(Supplied information)
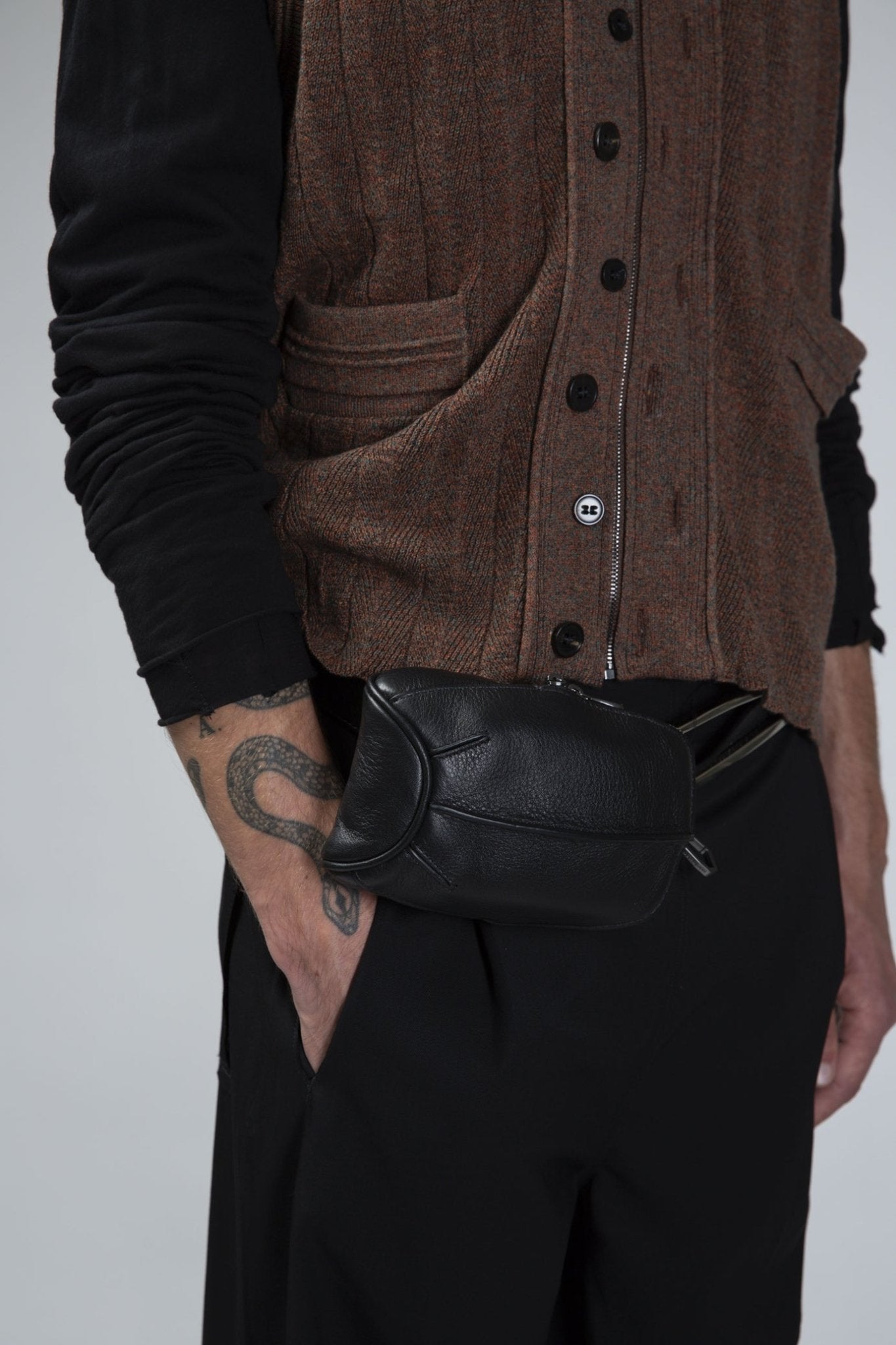 Kiko Kostadinov - Black Vig Pouch - LABELS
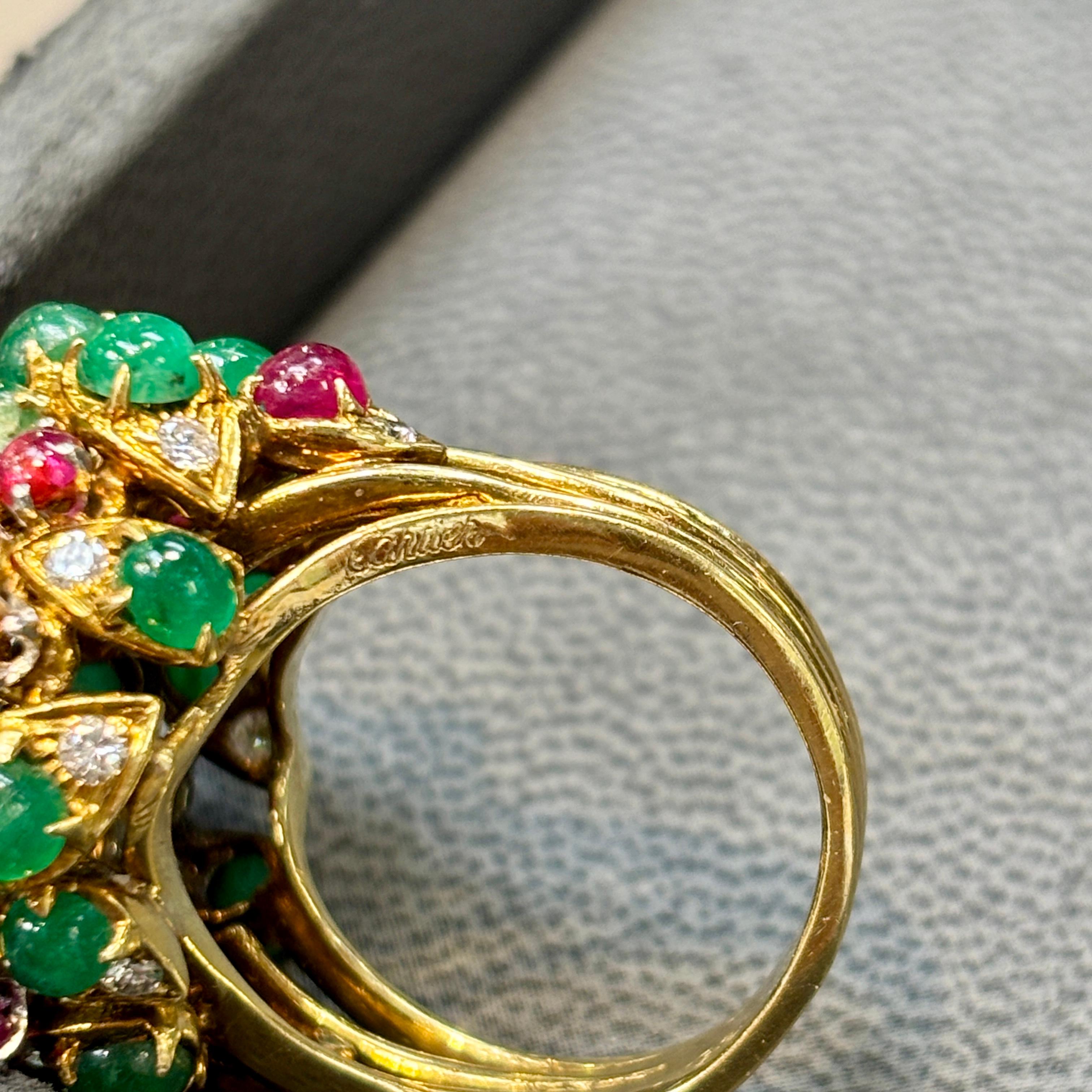 Cartier Mughal Style Ruby & Emerald Cocktail Ring In Excellent Condition For Sale In New York, NY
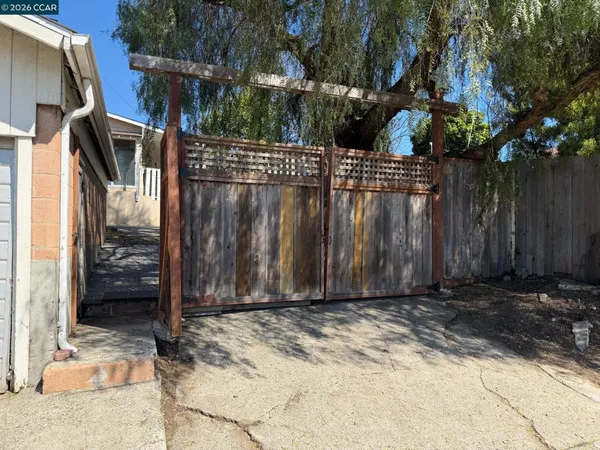 $2,200 | 729 Pennsylvania Street, Vallejo, CA 94590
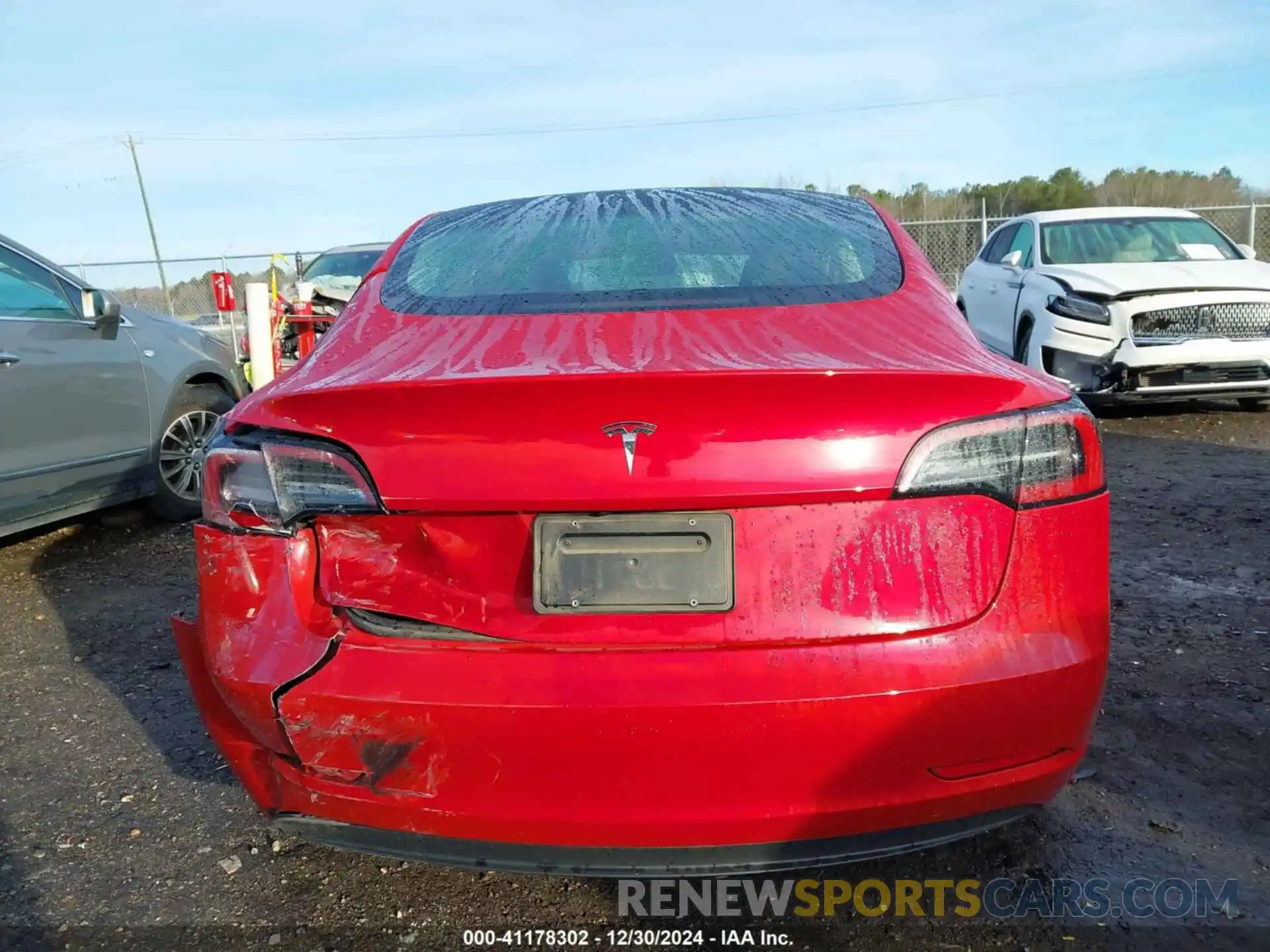 16 Photograph of a damaged car 5YJ3E1EA6PF644121 TESLA MODEL 3 2023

(What to do)
Would you write out the material above in full, exactly as given, except for its pictures?

(Task result)
 Kiko Kostadinov - Black Vig Pouch - LABELS
 Cartier Mughal Style Ruby & Emerald Cocktail Ring In Excellent Condition For Sale In New York, NY
 $2,200 | 729 Pennsylvania Street, Vallejo, CA 94590
 16 Photograph of a damaged car 5YJ3E1EA6PF644121 TESLA MODEL 3 2023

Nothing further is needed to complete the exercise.